The primary judge made the following observations about the onus of proof of residual earning capacity2:
"It is necessary for a plaintiff to prove the loss for which compensation is claimed: Todorovic v Waller (1981) 150 CLR 402 at 412-413, however conversely, it is not incumbent upon the injured plaintiff to prove what employment he or she "is not [in] capacitated from performing". It is for a defendant who contends that the plaintiff has a residual earning capacity to adduce evidence of what the plaintiff is capable of doing and what jobs are open to such a person: Luntz, Assessment of Damages for Personal Injury and Death (4 th ed) at [118 [1.9.20]]."
The primary judge opined 3 , that Mr Kerney was fit to work part time in light or restricted duties, probably for no more than 3 hours a day, in a job where he could sit and stand as necessary, and in which he was not required to walk over rough or uneven ground or climb stairs. Accordingly, the primary judge determined Mr Kerney's residual earning capacity from 1 September 2007, when he last saw Dr Harris and was discharged from his care, to date was in the order of 40%.
His Honour then proceeded to determine whether the plaintiff could, as a practical matter, utilise that capacity to obtain work in the geographical area in which it was reasonable for him to seek work. This reflected the approach in Nominal Defendant v Livaja 4 as follows:
"... When a person in middle age has spent all his or her life in a skilled or semiskilled occupation which, as a result of injury is no longer available, the identification of occupations which are theoretically available is only part of the task. There must also be a practical assessment of the likelihood of the individual obtaining employment in some such occupation..."().
The primary judge opined the following circumstances were relevant 5 :
- Mr Kerney was in his mid-30s at the time of the accident and is now aged about 45.
- The telecommunications field in which Mr Kerney was skilled at the time of the accident had undergone technological change and without undergoing retraining, work in the telecommunications industry would not be open to Mr Kerney.
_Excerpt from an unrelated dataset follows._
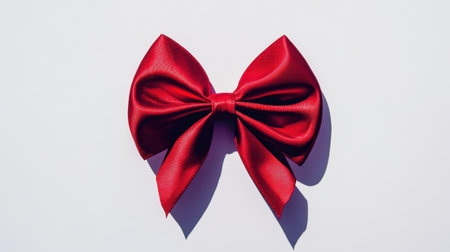 This image features a vibrant red satin bow placed on a soft white background. Perfect for enhancing gift wrapping, event decorations, and celebrations, it captures elegance and joy.の素材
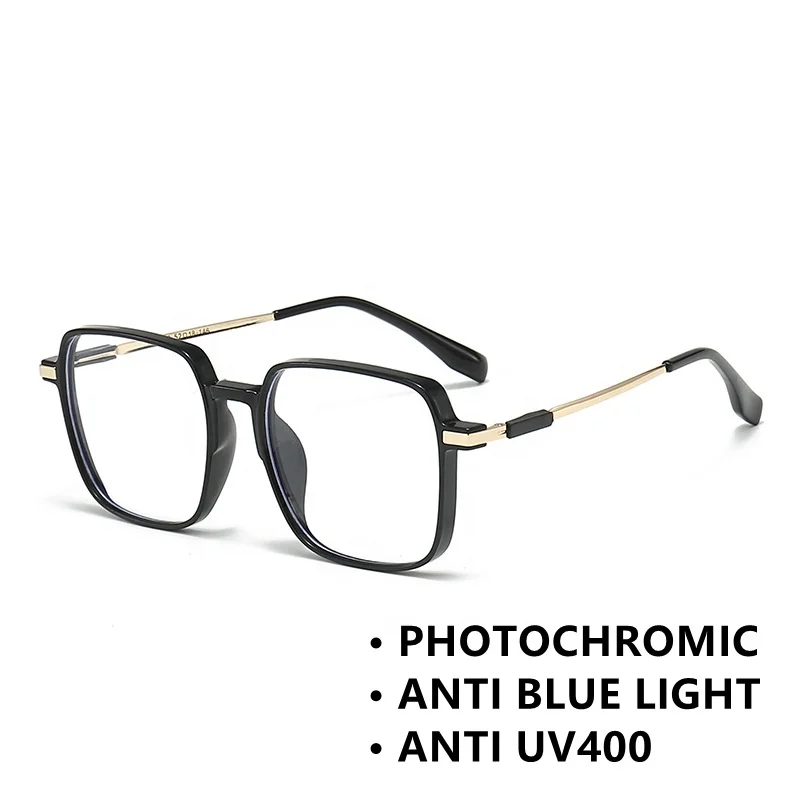 fashion woman anti blue light glasses gold black pc alloy large size lunettes antireflet 2024 girls eyeglasses photochromic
- Mr Kerney had lived all his life in Kandos. His elderly parents who are failing in health live there and it cannot be reasonably expected that Mr Kerney should exercise his residual earning capacity by moving away from Kandos.
- The places open for Mr Kerney to exercise his work capacity are cities and towns within one hour's drive of Kandos.
- Although Mr Kerney has capacity to work 3 hours a day, Mr Kerney may be in a position of taking more sick leave than would an ordinary employee.
The primary judge found 6 :
"that the evidence does not enable me to be satisfied that, whatever the limited extent of Mr Kerney's theoretical work capacity is, there is any practically achievable job which he can do on the open labour market in the general area in which he lives."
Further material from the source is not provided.